Dataset content -
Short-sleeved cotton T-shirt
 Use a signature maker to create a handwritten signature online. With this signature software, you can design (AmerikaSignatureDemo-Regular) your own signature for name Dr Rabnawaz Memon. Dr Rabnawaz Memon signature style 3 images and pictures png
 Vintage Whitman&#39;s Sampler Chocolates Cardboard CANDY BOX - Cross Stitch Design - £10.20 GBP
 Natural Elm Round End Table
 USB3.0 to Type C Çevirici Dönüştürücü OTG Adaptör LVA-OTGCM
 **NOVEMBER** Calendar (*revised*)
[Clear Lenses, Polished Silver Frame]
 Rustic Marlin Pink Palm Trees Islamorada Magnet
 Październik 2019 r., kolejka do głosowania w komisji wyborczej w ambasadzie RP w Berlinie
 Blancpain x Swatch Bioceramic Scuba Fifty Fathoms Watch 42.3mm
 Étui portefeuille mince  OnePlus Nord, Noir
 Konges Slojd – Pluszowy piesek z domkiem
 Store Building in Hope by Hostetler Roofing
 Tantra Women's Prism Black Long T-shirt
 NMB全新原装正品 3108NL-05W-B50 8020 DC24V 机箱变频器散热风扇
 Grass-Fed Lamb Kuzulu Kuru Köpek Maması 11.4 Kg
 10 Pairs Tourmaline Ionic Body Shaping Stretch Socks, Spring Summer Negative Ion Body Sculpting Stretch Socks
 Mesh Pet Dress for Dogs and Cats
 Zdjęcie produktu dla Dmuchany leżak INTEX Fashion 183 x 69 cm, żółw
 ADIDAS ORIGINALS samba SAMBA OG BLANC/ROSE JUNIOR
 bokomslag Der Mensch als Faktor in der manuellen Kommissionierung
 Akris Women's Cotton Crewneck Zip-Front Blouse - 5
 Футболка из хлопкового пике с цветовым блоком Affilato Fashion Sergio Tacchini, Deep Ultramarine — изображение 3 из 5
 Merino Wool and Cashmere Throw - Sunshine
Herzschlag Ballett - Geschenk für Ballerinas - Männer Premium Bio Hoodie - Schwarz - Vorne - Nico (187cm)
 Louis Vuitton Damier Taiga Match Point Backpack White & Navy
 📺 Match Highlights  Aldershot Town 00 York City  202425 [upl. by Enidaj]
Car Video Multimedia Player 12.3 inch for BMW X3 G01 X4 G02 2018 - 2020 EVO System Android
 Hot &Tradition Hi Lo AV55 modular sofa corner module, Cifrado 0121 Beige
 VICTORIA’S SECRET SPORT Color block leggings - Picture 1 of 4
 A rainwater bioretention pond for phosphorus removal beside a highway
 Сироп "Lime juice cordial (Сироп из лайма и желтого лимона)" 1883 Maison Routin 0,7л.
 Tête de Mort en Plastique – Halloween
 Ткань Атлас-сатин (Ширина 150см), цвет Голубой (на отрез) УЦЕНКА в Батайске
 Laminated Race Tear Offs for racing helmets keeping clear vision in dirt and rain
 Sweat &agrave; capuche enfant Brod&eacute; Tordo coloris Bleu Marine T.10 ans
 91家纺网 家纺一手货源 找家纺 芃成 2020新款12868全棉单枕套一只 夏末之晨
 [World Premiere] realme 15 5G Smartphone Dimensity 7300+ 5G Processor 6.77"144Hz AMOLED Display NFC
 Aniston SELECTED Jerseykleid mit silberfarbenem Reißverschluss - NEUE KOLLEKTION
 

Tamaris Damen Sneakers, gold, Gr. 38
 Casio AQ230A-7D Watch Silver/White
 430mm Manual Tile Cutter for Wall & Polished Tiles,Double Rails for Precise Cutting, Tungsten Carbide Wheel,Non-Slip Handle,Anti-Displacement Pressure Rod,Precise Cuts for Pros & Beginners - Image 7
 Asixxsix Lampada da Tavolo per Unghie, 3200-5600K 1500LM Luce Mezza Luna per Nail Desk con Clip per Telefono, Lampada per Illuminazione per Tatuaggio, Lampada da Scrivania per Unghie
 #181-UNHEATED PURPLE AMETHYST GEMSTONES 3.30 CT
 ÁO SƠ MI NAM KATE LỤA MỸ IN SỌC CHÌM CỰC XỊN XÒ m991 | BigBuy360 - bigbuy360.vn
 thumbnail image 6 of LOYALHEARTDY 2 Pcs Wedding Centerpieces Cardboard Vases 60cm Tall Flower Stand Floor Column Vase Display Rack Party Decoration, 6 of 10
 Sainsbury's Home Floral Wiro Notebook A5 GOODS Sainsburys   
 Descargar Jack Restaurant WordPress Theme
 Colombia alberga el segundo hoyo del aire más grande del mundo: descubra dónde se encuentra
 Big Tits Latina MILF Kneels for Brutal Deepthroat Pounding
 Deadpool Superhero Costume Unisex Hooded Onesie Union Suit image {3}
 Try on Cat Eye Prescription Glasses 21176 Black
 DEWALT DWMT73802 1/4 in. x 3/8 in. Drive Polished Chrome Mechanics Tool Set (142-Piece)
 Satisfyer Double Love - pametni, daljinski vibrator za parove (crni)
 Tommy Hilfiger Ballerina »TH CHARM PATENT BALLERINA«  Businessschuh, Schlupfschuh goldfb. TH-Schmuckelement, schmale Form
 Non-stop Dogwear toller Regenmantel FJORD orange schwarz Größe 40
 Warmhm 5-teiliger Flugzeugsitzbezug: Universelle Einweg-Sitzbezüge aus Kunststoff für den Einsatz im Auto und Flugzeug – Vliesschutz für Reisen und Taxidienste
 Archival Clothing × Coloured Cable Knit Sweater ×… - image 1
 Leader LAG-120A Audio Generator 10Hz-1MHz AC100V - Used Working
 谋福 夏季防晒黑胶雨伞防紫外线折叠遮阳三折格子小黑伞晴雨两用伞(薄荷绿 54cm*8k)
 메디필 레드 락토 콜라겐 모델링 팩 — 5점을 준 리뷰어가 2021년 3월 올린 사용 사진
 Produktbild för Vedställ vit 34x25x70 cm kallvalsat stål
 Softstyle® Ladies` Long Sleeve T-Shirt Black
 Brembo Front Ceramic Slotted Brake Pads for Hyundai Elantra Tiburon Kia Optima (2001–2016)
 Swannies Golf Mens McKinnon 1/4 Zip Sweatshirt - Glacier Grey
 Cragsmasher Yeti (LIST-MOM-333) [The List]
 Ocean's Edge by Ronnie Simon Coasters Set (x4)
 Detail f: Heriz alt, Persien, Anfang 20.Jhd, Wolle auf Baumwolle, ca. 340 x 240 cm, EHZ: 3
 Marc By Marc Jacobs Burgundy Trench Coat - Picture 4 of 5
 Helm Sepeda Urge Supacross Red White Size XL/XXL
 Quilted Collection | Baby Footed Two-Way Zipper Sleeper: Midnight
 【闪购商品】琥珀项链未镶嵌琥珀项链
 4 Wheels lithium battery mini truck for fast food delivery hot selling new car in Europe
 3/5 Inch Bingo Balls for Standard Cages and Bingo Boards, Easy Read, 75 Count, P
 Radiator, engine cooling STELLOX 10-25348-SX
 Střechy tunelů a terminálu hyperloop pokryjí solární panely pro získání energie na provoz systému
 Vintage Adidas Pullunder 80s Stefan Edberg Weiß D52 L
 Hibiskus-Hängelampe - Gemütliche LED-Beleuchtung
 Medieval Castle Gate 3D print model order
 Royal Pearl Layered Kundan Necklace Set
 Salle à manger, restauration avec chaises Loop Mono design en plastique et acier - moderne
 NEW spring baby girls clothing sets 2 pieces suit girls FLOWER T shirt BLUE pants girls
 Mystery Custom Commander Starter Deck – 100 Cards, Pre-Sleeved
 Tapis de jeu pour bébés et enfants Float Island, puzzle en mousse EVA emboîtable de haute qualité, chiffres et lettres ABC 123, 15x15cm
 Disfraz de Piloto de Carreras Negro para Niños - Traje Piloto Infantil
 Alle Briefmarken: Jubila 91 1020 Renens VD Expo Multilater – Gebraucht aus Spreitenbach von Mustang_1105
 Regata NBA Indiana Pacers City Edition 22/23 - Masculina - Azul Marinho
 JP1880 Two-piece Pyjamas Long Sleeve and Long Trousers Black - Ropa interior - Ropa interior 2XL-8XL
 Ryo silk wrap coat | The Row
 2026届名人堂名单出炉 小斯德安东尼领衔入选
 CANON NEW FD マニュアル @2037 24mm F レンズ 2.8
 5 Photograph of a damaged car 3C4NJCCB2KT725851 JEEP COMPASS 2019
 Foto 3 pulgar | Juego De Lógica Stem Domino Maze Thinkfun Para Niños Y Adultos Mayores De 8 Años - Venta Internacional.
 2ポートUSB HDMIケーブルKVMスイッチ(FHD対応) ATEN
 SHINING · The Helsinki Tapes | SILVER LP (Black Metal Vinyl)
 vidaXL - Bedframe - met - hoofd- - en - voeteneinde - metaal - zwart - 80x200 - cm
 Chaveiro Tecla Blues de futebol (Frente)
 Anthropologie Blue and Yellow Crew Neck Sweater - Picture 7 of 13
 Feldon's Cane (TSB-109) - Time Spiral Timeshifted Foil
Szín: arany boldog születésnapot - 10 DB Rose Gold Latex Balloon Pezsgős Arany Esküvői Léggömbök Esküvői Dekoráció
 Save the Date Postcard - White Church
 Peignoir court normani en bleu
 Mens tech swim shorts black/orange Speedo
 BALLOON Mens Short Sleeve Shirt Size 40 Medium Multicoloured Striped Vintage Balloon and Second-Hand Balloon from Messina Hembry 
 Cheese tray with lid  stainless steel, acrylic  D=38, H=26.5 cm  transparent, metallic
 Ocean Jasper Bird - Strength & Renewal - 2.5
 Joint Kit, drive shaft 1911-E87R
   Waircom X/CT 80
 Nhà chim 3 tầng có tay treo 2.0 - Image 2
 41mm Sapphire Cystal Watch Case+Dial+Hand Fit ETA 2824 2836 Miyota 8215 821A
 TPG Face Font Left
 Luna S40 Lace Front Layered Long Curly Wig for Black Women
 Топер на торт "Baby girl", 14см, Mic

Required action -
If a line in the listing contains the string "Front", copy it.

Exercise solution -
 Akris Women's Cotton Crewneck Zip-Front Blouse - 5
 Brembo Front Ceramic Slotted Brake Pads for Hyundai Elantra Tiburon Kia Optima (2001–2016)
 Luna S40 Lace Front Layered Long Curly Wig for Black Women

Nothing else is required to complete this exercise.